Regulations are changing worldwide…
January 6, 2009 on 2:53 pm | By Peder | In Main | No CommentsA few weeks ago I had the opportunity to present at the ISS Telestrategies conference on Deep Packet Inspection and Lawful Intercept Technology (http://www.issworldtraining.com/ISS_WASH/). It was interesting to see how much and how fast this industry is changing. Regulations are changing worldwide that are driving the demands for new technologies and vendors are rapidly moving towards building those capabilities. Furthermore, an industry that was heavily positioned for edge technologies sitting on a targeted link are migrating to aggregation points requiring not only performance but changes in the capability sets to appropriately deliver selected data. As such this has led to segmentation in the deep packet inspection (DPI) market between those delivering what is being called deep packet capture (DPC) versus a broader DPI (http://en.wikipedia.org/wiki/Packet_capture). Each of these macro changes are worth a dialog in themselves, however, touching on the impact as a whole raises new questions.
As the world has begun to change or update regulations, such as those seen in the European Union with regards to data retention for the support of law enforcement DIRECTIVE 2006/24/EC OF THE EUROPEAN PARLIAMENT, these are driving significant new changes to the telecom landscape. The extent of these regulations drives growth of interception technology at pace with the network growth itself.
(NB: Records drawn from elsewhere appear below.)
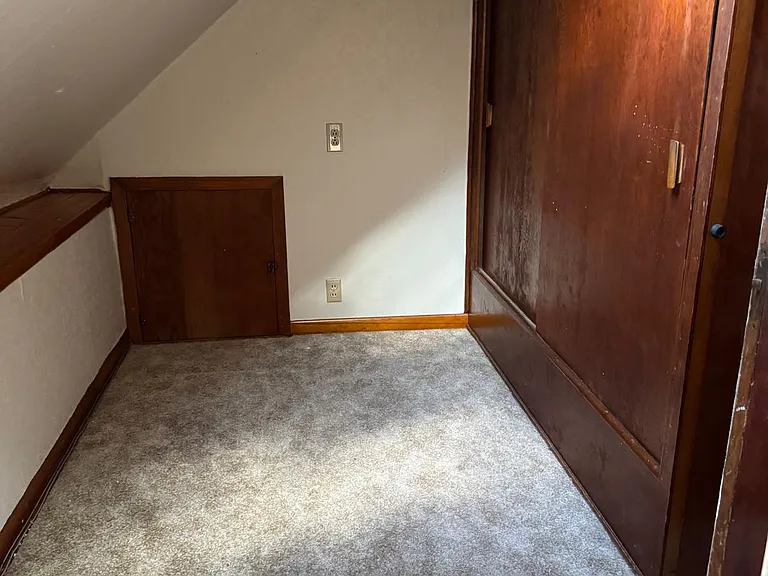 4354 S Packard Ave — Photo 10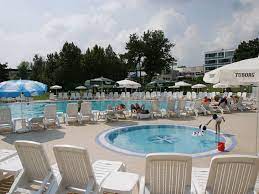 Acesta a fost complet renovat si beneficiaza de parcare, restaurant cu terasa, bar de zi, pizzerie, barbeque, centru spa, sala de conferinte, loc de joaca pentru copii, 2 piscine exterioare cu bar propriu si o piscina interioara. Hotel 2d Resort And Spa Neptun Romania Oferta Litoral 2021 Ofertele Early Booking Si Inscrieri Timpurii Litoral Romania 2021 Plaja Ro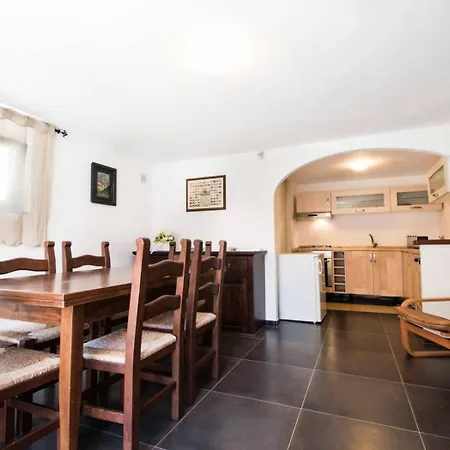 Il Cedro مارتْشانا مارينا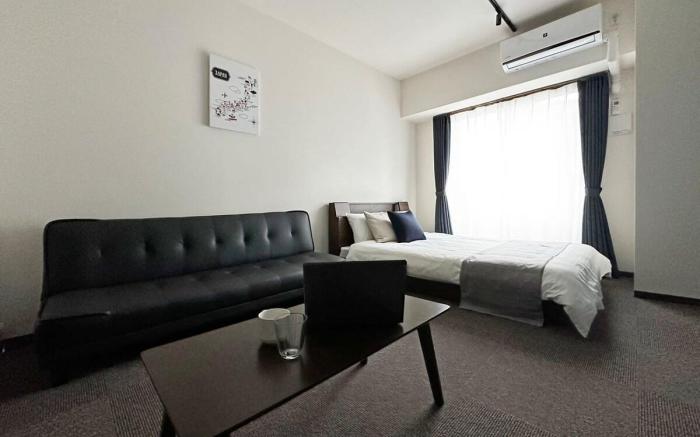 One Bedroom Apt in City Centre w/balcony for 3 Ppl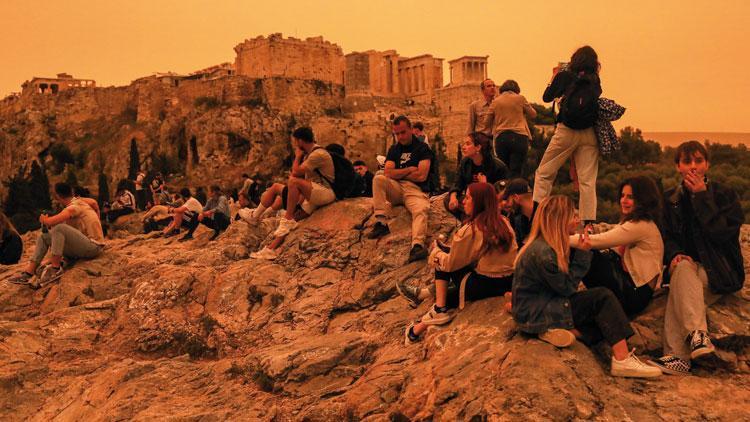 Yunanistan’dan sonra Türkiye’de: Meteorolojiden Toz Bulutu ve Toz taşınımı uyarısı!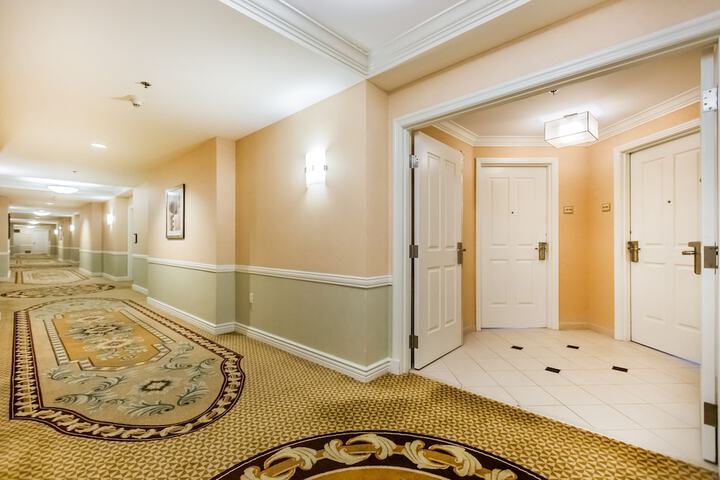 Ballroom/Hall 40 of 65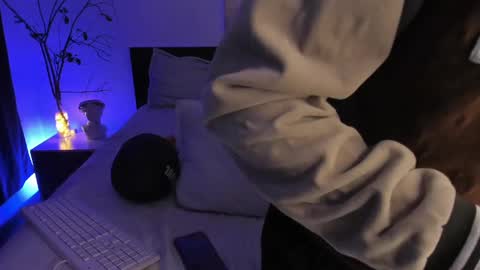 Snapshot of aidan_hale chatting on February 20, 2025, 3:12 am A H online show from February 20, 2025, 3:12 am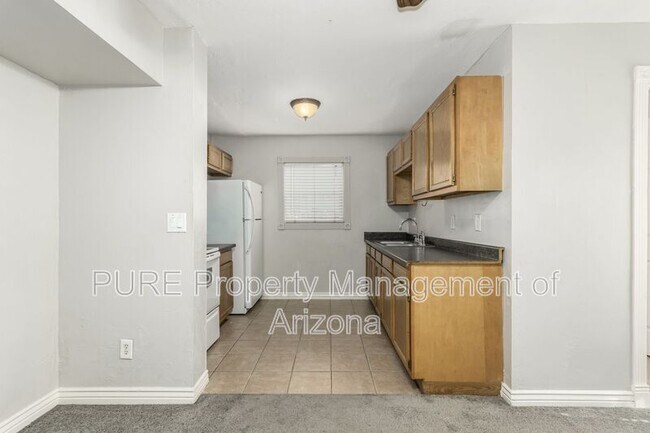 568 N Center St Mesa, AZ 85201 photo 4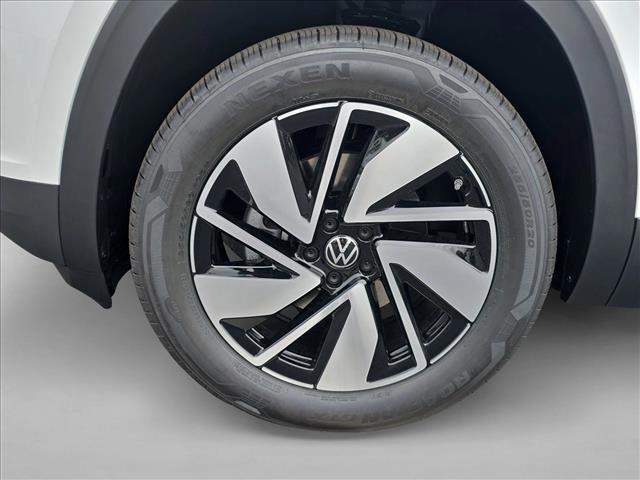 new 2026 Volkswagen Atlas car, priced at $48,417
The expense of these systems as well as the complexity of protection of the privacy of the data gathered is changing the technology requirements unlike what has been seen before. The big questions this leads to is how fast can compliance be achieved and will this change the landscape of the class of companies that can support this scale of deployments? Also, what impact will this have on the architecture of the telecom provider’s networks as data collection is not a small issue but core to even how the network could be architected to support such directives? Will this lead to specific variants of technology, such as the thesis of some of the DPC specific vendors for technology designed exclusively for these directives or will the costs of such a large scale deployment require common infrastructure with the telco gear to drive down CAPEX and OPEX of supporting the directive?
In many ways, more questions than answers but clearly lots of change.